→ **Prompt**: Word for word, copy the listing below and leave out its images.

→ **Raw data**:
- Opening Delimiter -
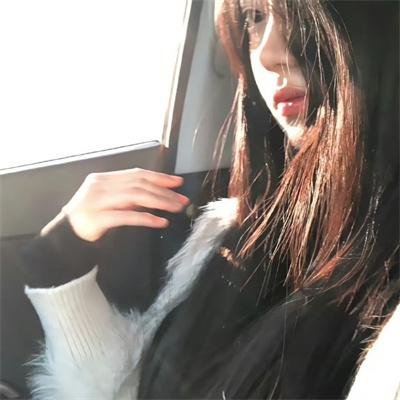 信仰的女人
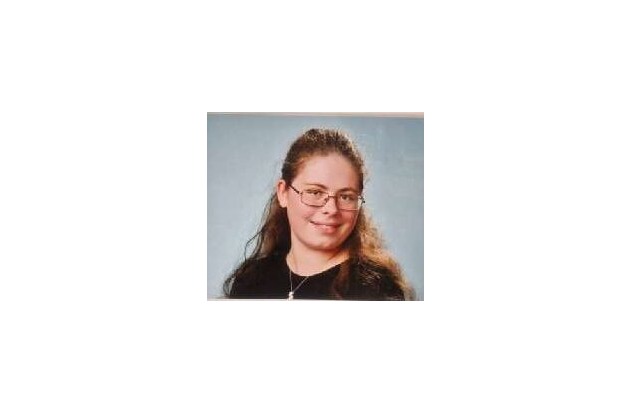 POL-H: Öffentlichkeitsfahndung: 15-Jährige aus Uetze vermisst - Polizei bittet um Hinweise!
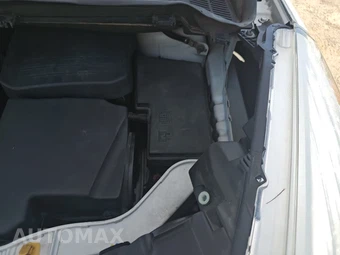 2013 Ford Escape SE – miniatura 33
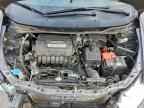 2012 HONDA Insight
- Closing Delimiter -
→ **Solved problem**:
 信仰的女人
 POL-H: Öffentlichkeitsfahndung: 15-Jährige aus Uetze vermisst - Polizei bittet um Hinweise!
 2013 Ford Escape SE – miniatura 33
 2012 HONDA Insight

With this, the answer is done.